• [Captioned web image data]
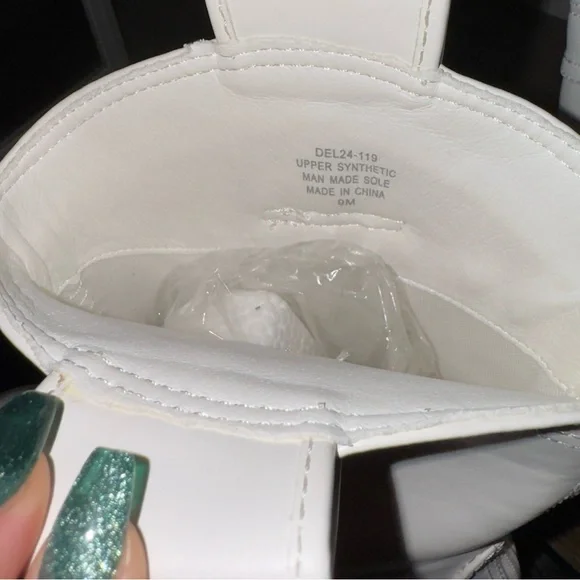 dELiA*s by Dolls Kill Embroidered Platform White Cowboy Boots - Picture 5 of 6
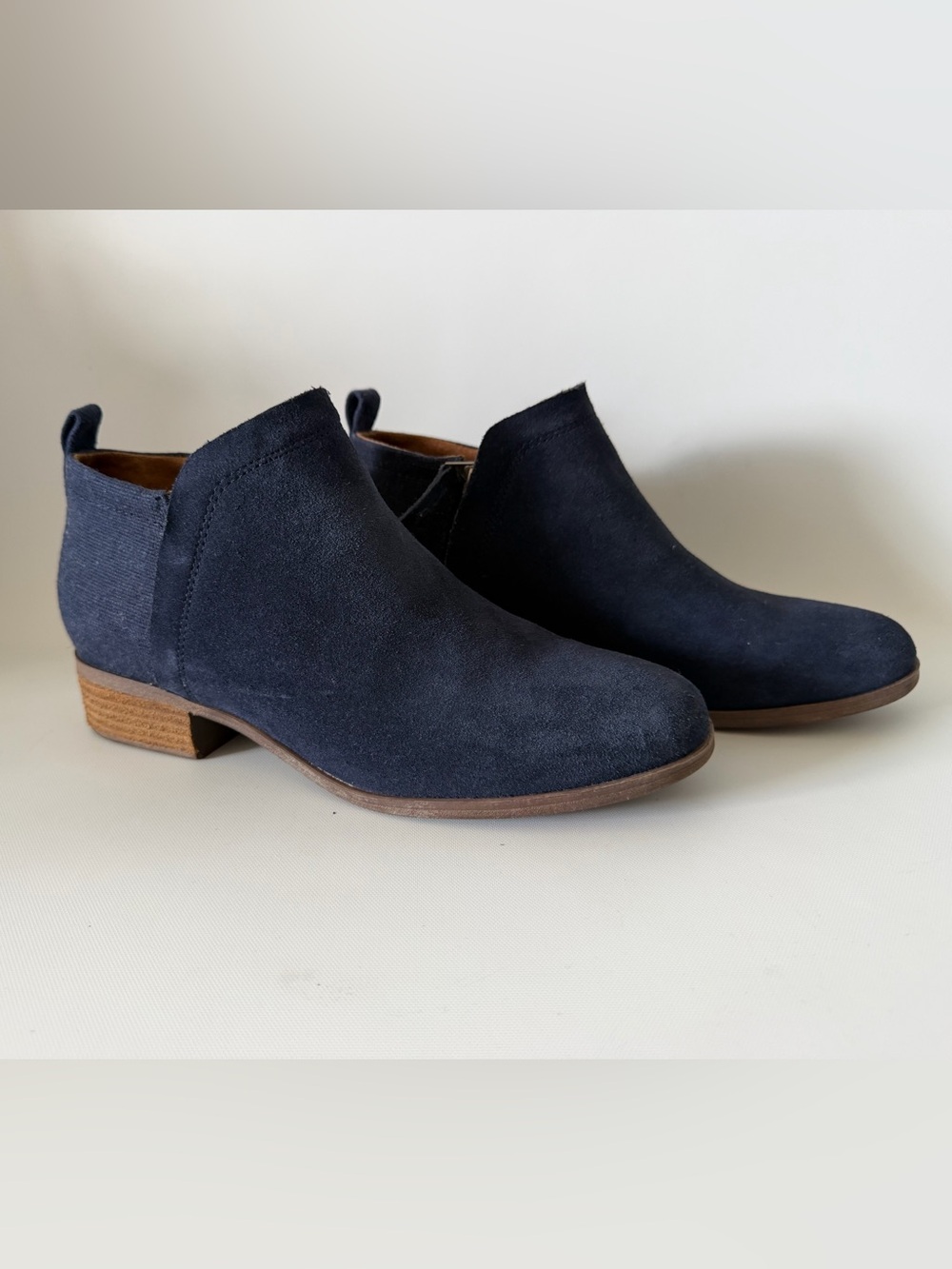 Woman's Booties TOMS Dahlia Bootie W7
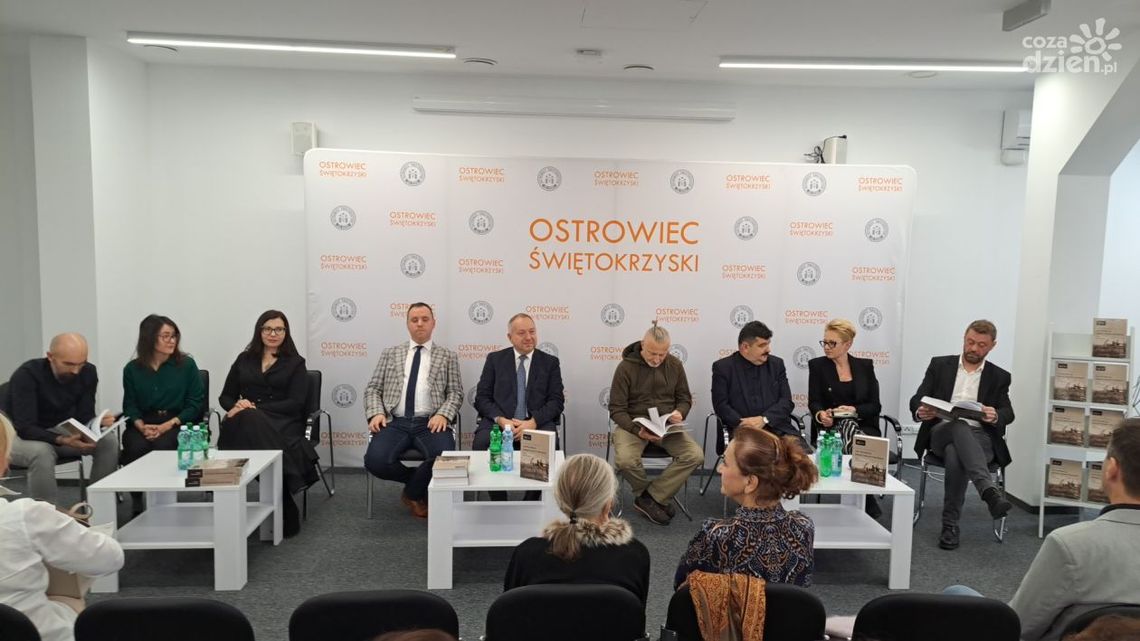 Historia Ostrowca zamknięta w nowej monografii Historia Ostrowca zamknięta w nowej monografii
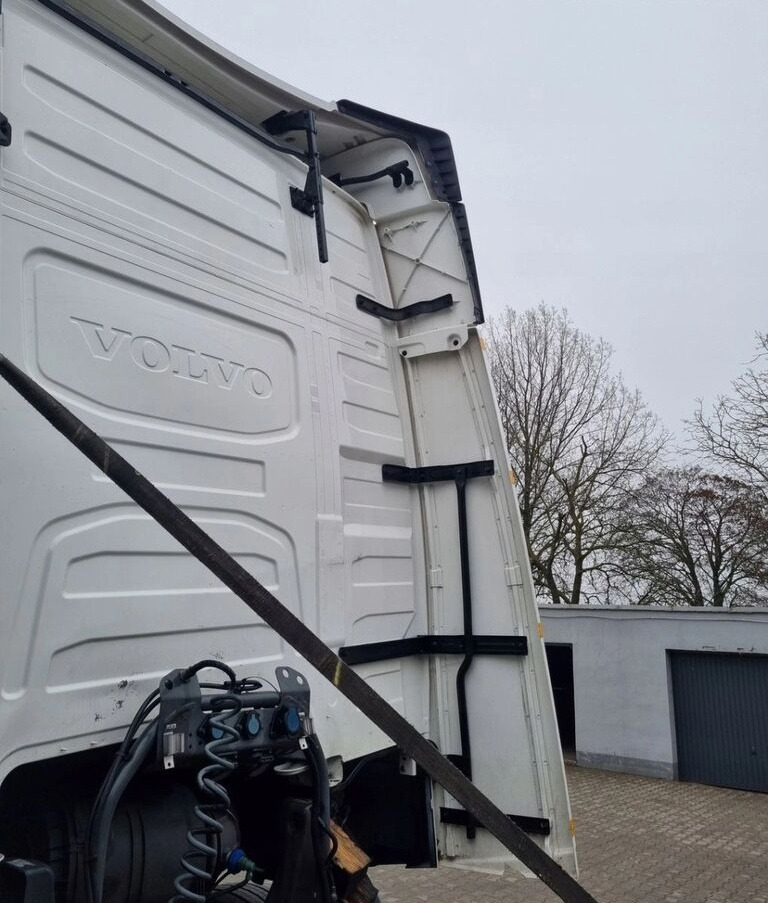 Volvo Y OWIEWKI KABINY KOMPLET FH 4 5 EURO 6 LIFT GLOBETROTTER Volvo VOLVO FH 4 5 EURO 6 LIFT GLOBETROTTER - אווירודינמיקה/ ספוילר עבור משאית: תמונה 3 Volvo Y OWIEWKI KABINY KOMPLET FH 4 5 EURO 6 LIFT GLOBETROTTER Volvo VOLVO FH 4 5 EURO 6 LIFT GLOBETROTTER - אווירודינמיקה/ ספוילר עבור משאית: תמונה 3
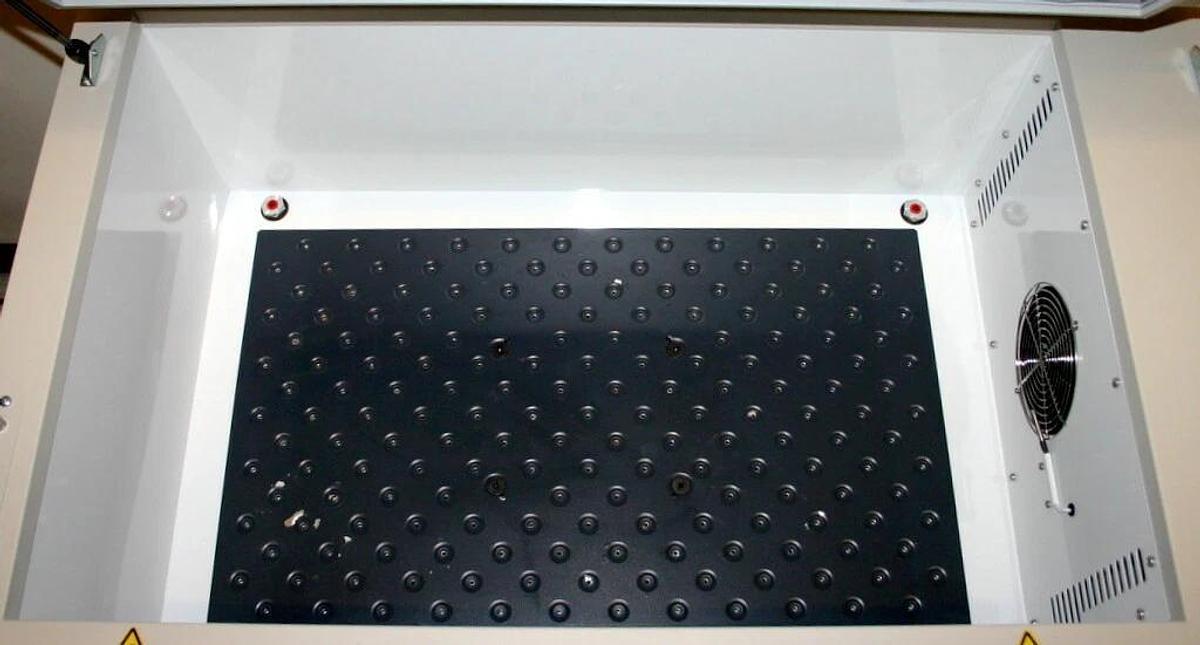 NEW BRUNSWICK SCIENTIFIC EPPENDORF REFRIGERATED INCUBATOR SHAKER, MODEL I2500KC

• [What is being asked] With the pictures excluded, the line containing "תמונה 3 Volvo" and every line after it through the end of the data above are to be transcribed exactly, and nothing more.

• [Your response]
 Volvo Y OWIEWKI KABINY KOMPLET FH 4 5 EURO 6 LIFT GLOBETROTTER Volvo VOLVO FH 4 5 EURO 6 LIFT GLOBETROTTER - אווירודינמיקה/ ספוילר עבור משאית: תמונה 3 Volvo Y OWIEWKI KABINY KOMPLET FH 4 5 EURO 6 LIFT GLOBETROTTER Volvo VOLVO FH 4 5 EURO 6 LIFT GLOBETROTTER - אווירודינמיקה/ ספוילר עבור משאית: תמונה 3
 NEW BRUNSWICK SCIENTIFIC EPPENDORF REFRIGERATED INCUBATOR SHAKER, MODEL I2500KC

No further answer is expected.